HIVE: Evaluating the Human Interpretability of Visual Explanations
- URL: http://arxiv.org/abs/2112.03184v1
- Date: Mon, 6 Dec 2021 17:30:47 GMT
- Title: HIVE: Evaluating the Human Interpretability of Visual Explanations
- Authors: Sunnie S. Y. Kim and Nicole Meister and Vikram V. Ramaswamy and Ruth
Fong and Olga Russakovsky
- Abstract summary: We propose a novel human evaluation framework HIVE (Human Interpretability of Visual Explanations) for diverse interpretability methods in computer vision.
Our results suggest that explanations (regardless of if they are actually correct) engender human trust, yet are not distinct enough for users to distinguish between correct and incorrect predictions.

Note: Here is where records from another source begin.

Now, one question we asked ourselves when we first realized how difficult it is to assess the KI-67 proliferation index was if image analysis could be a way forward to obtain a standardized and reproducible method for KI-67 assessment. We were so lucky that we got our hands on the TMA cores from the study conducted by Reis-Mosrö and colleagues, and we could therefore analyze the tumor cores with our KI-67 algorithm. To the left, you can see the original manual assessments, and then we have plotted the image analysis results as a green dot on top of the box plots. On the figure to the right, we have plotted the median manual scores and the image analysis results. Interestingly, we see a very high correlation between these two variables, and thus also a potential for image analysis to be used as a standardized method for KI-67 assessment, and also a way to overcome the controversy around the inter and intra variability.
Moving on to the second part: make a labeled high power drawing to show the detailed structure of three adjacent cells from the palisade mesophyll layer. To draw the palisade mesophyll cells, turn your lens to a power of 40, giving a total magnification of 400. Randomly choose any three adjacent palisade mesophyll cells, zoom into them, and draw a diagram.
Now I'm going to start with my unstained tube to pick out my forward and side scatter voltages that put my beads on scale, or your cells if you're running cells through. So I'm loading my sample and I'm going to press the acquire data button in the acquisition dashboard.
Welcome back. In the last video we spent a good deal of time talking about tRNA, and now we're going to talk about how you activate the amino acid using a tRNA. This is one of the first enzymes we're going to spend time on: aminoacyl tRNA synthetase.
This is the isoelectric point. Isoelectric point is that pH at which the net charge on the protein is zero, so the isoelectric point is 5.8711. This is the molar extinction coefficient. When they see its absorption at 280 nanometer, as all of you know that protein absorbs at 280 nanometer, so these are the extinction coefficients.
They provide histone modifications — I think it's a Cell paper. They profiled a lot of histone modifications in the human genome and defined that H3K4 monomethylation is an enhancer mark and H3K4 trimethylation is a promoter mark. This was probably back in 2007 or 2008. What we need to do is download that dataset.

- Score: 20.060507122989645
- License: http://creativecommons.org/licenses/by/4.0/
- Abstract: As machine learning is increasingly applied to high-impact, high-risk
domains, there have been a number of new methods aimed at making AI models more
human interpretable. Despite the recent growth of interpretability work, there
is a lack of systematic evaluation of proposed techniques. In this work, we
propose a novel human evaluation framework HIVE (Human Interpretability of
Visual Explanations) for diverse interpretability methods in computer vision;
to the best of our knowledge, this is the first work of its kind. We argue that
human studies should be the gold standard in properly evaluating how
interpretable a method is to human users. While human studies are often avoided
due to challenges associated with cost, study design, and cross-method
comparison, we describe how our framework mitigates these issues and conduct
IRB-approved studies of four methods that represent the diversity of
interpretability works: GradCAM, BagNet, ProtoPNet, and ProtoTree. Our results
suggest that explanations (regardless of if they are actually correct) engender
human trust, yet are not distinct enough for users to distinguish between
correct and incorrect predictions. Lastly, we also open-source our framework to
enable future studies and to encourage more human-centered approaches to
interpretability.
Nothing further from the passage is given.